Introduce the core infrastructure to enable host userspace to mmap()
guest_memfd-backed memory. This is needed for several evolving KVM use
cases:

* Non-CoCo VM backing: Allows VMMs like Firecracker to run guests
  entirely backed by guest_memfd, even for non-CoCo VMs [1]. This
  provides a unified memory management model and simplifies guest memory
  handling.

* Direct map removal for enhanced security: This is an important step
  for direct map removal of guest memory [2]. By allowing host userspace
  to fault in guest_memfd pages directly, we can avoid maintaining host
  kernel direct maps of guest memory. This provides additional hardening
  against Spectre-like transient execution attacks by removing a
  potential attack surface within the kernel.

* Future guest_memfd features: This also lays the groundwork for future
  enhancements to guest_memfd, such as supporting huge pages and
  enabling in-place sharing of guest memory with the host for CoCo
  platforms that permit it [3].

Therefore, enable the basic mmap and fault handling logic within
guest_memfd. However, this functionality is not yet exposed to userspace
and remains inactive until two conditions are met in subsequent patches:

* Kconfig Gate (CONFIG_KVM_GMEM_SUPPORTS_MMAP): A new Kconfig option,
  KVM_GMEM_SUPPORTS_MMAP, that gates this mmap functionality at a system
  level.
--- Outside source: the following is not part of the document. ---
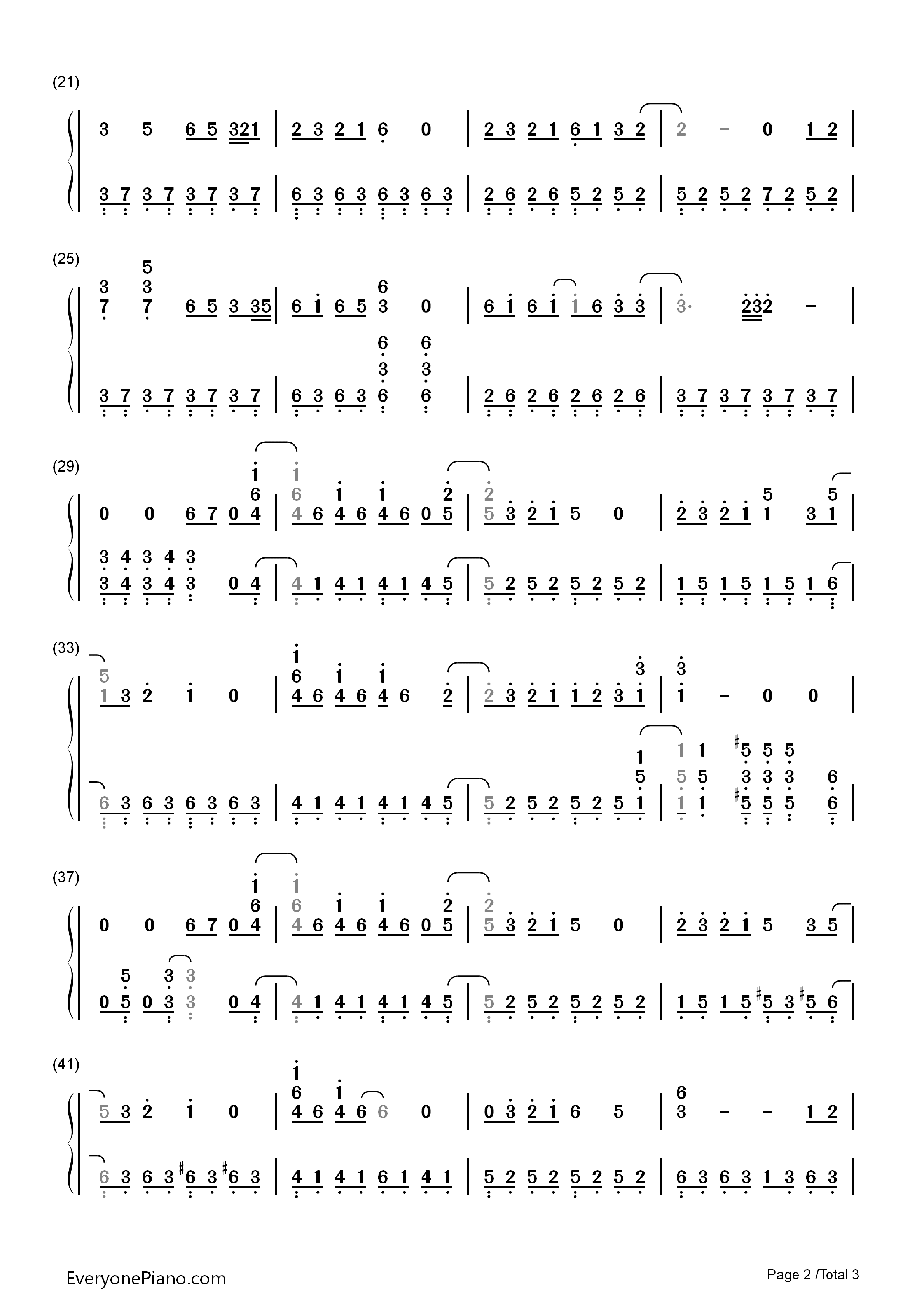 樱花烂漫钢琴简谱_KEYTALK演唱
While the code changes in this patch might seem small, the
  Kconfig option is introduced to explicitly signal the intent to enable
  this new capability and to provide a clear compile-time switch for it.
  It also helps ensure that the necessary architecture-specific glue
  (like kvm_arch_supports_gmem_mmap()) is properly defined.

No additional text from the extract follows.